Its share price has fallen sharply in the last few weeks, on what appears to be a combination of (a) a lack of clarity around plans for its cash surplus and (b) concerns around a lack of future innovations / new products in the pipeline. I understand there may also be some form of vicious circle occurring with portfolio managers re-balancing their 'tech' holdings as a result of the recent fall in Apple in comparison to gains in the likes of Google, which is perpetuating their respective falls & gains.
Whilst i to some extent agree with these concerns, the fundamentals (a PE under 10, dividend yield of 2.5% and a large cash reserve) now look attractive to me.

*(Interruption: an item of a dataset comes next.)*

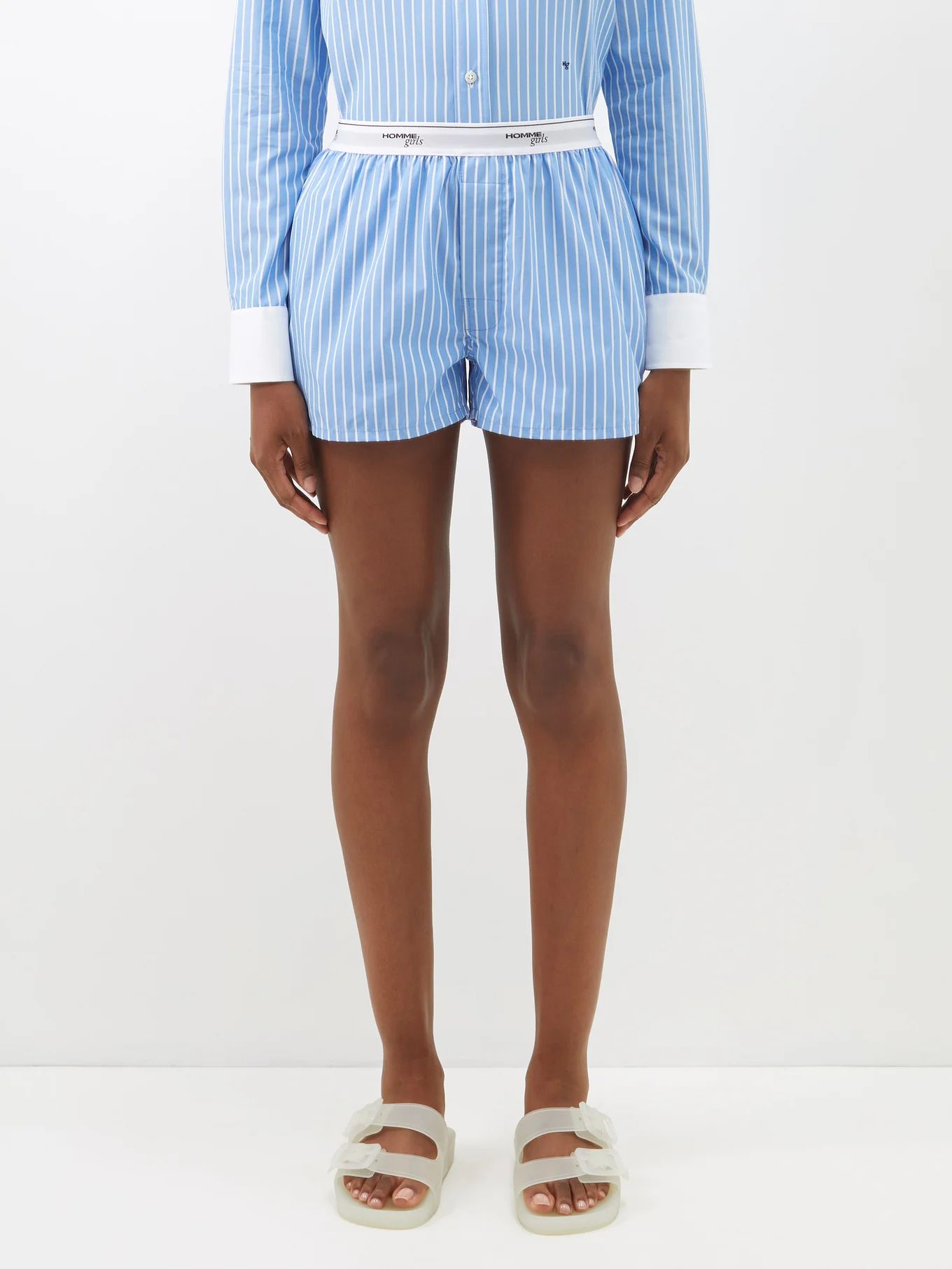 Striped cotton boxer shorts | HommeGirls | Matches (UK)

I'm personally a fan of Apple products and i'm always amazed at how busy the flagship HK store is, and how long the queues are when new products are launched. I think there is still a lot of appetite for innovation & evolution with the existing range, let alone potential pipeline products such as the often rumoured apple tv, watches etc.
Although i've been looking to add US exposure to my portfolio for some time, this investment doesn't fully fit my core strategy of holding well diversified, income based index tracking ETFs. As a consequence the size of the investment is very small in comparison with my core holdings of ETFs.
I'm viewing this investment primarily as a small test of my 'value radar' rather than a core holding. The purchase price was USD426.